Could also just buy a bunch of fairly cheap 100 mbit unmetered boxes off OVH/Kimsufi for a total cost probably of ~$300/m.

Modern hdd's store up to 18tb.

I saw 6tb hdd's for €114 on my local site, 16tb hdd's for €370.

It's not exactly cheap, but if you're doing it for a serious project like archiving an entire politically relevant social media website, I'm sure you'll have 1-2 thousand eur lying around for a couple of hard disks

Crowdsourced. The crawling and downloading was able to be coordinated and performed by a bunch of people at the same time.

All the content was hosted on s3 and you just needed the URL's, security by obscurity.

The storage isn't that much of a deal, but I bet that was not on some cheap consumer Internet subscription as an ISP would have throttled her into oblivion after the first few TB.

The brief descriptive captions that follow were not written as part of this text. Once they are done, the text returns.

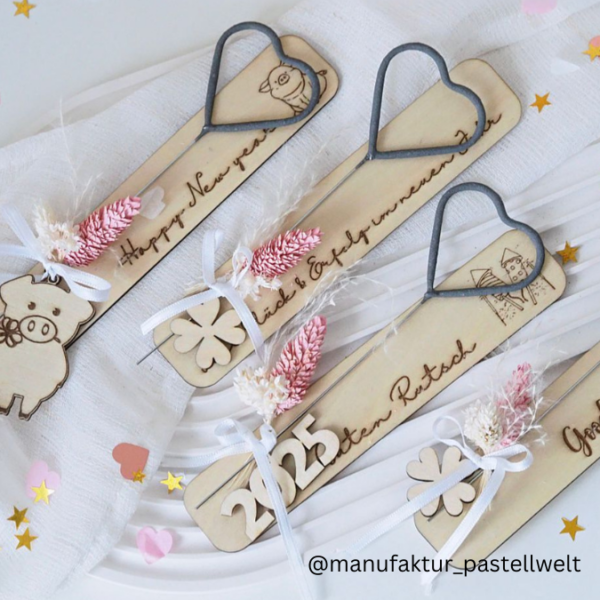 SVG Laser Datei Silvester Wunderkerzenhalter Verpackung für Wunderkerzen Geschenkidee Laserdatei – Bild 9
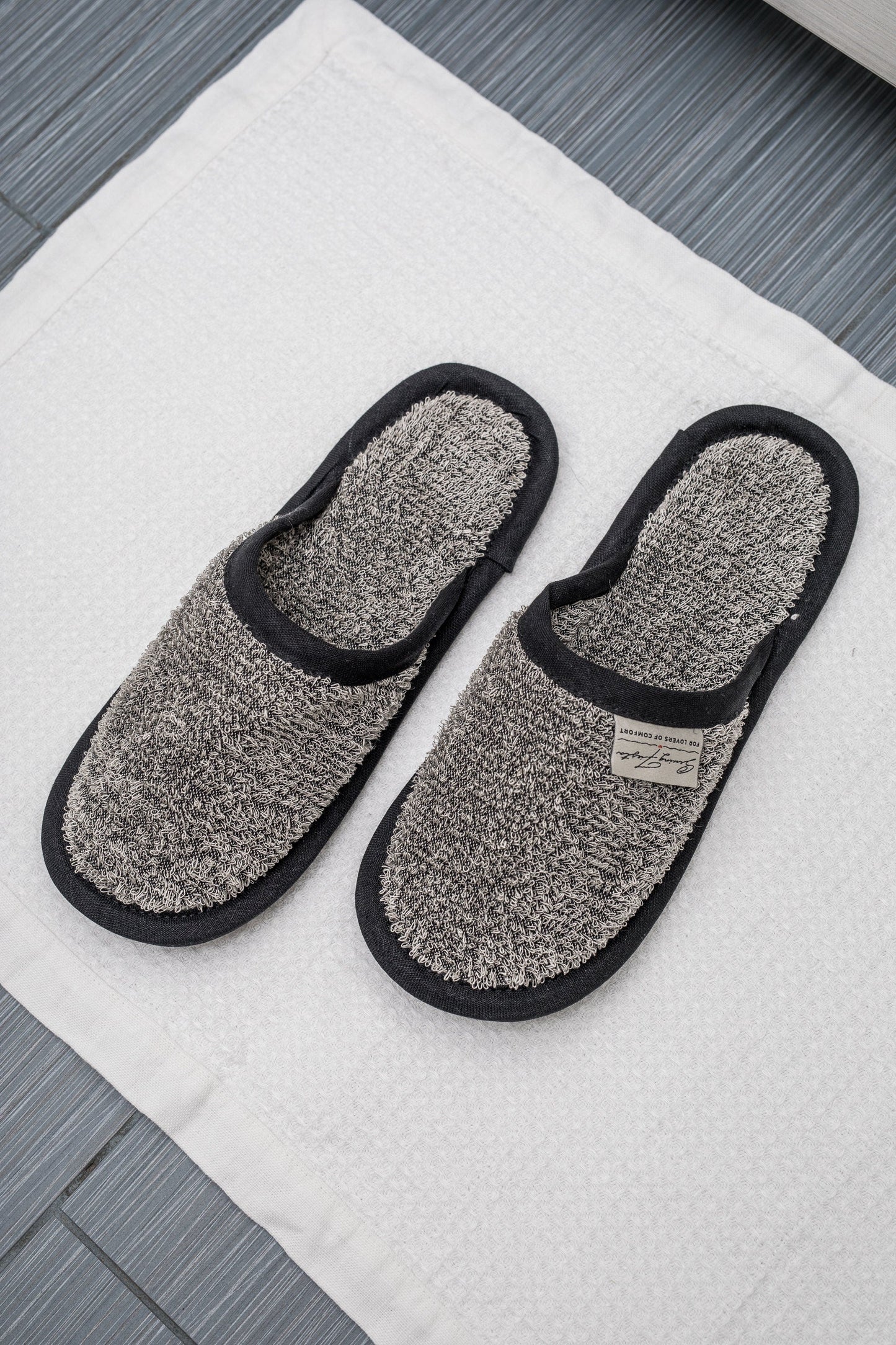 Linen slippers Black Grey Sewing Fiesta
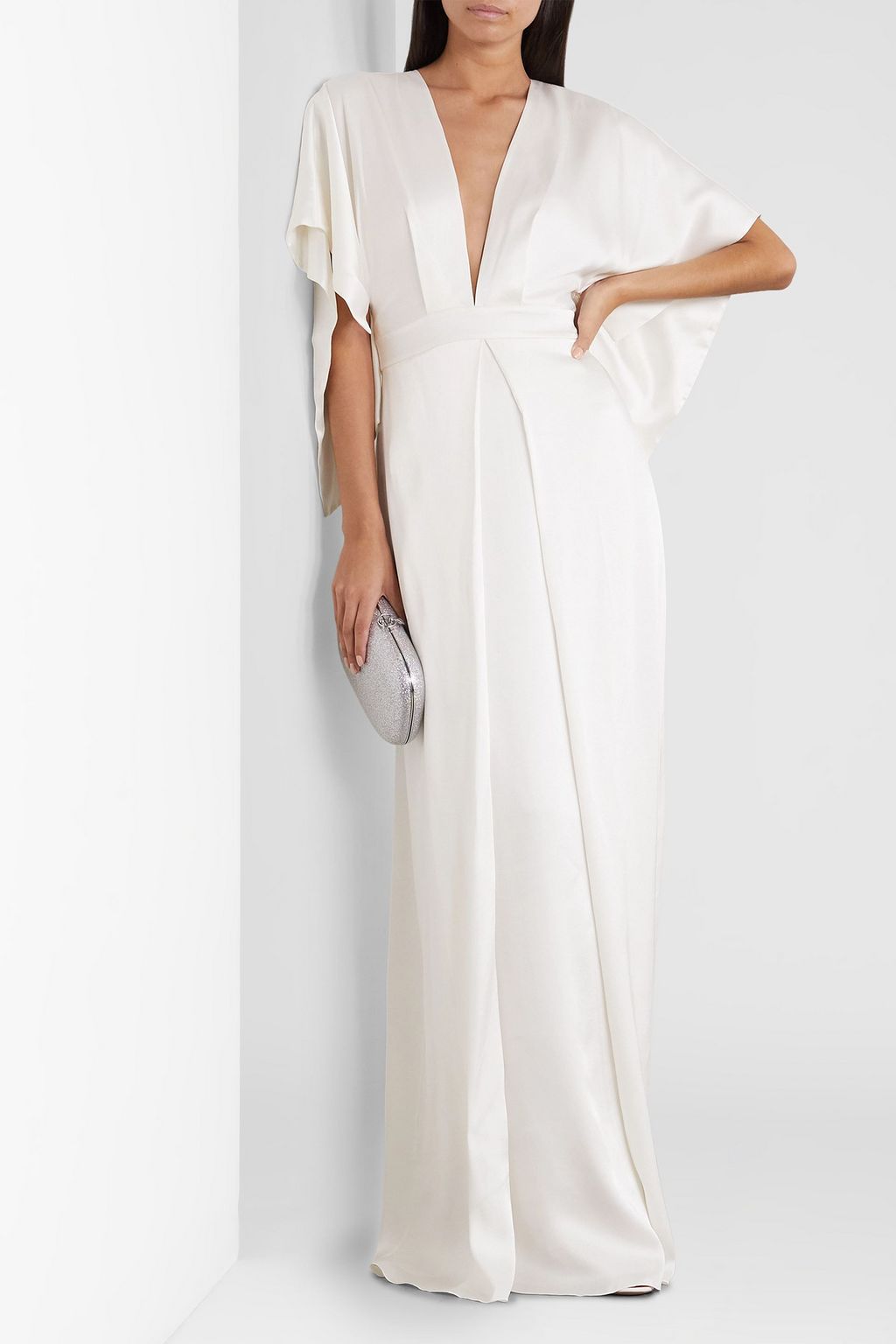 TEMPERLEY LONDON فستان سهرة بأسلوب كاب من حرير ساتان مزين بفتحات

work gave us google drive accounts with "unlimited" capacity

You'll find out what 'unlimited' means in SaaS speak very, very much sooner than you expect if you tried really to utilize it.

You'd be surprised. Google has a lot of storage lying around, it takes them a while to notice it being used up. I know of at least three people who on the order of petabytes of data on Google Drive.

They took action against one organisation that had multiple 10PB+ users but Google really doesn't seem to care that much about the tertiary institutes giving unlimited GDrive accounts to every data hoarder who pretends to enrol.

Not at 50TB though.

except you can only upload 750GB a day without somewhat workarounds

You can. Create multiple service accounts, add them to the Shared drives and connect the service accounts using Rclone, a CLI tool that allows you to perform I/O operations on multiple cloud storage.

Once a service account reached the limit, switch to another.

"without somewhat workarounds" sometimes I wonder about people.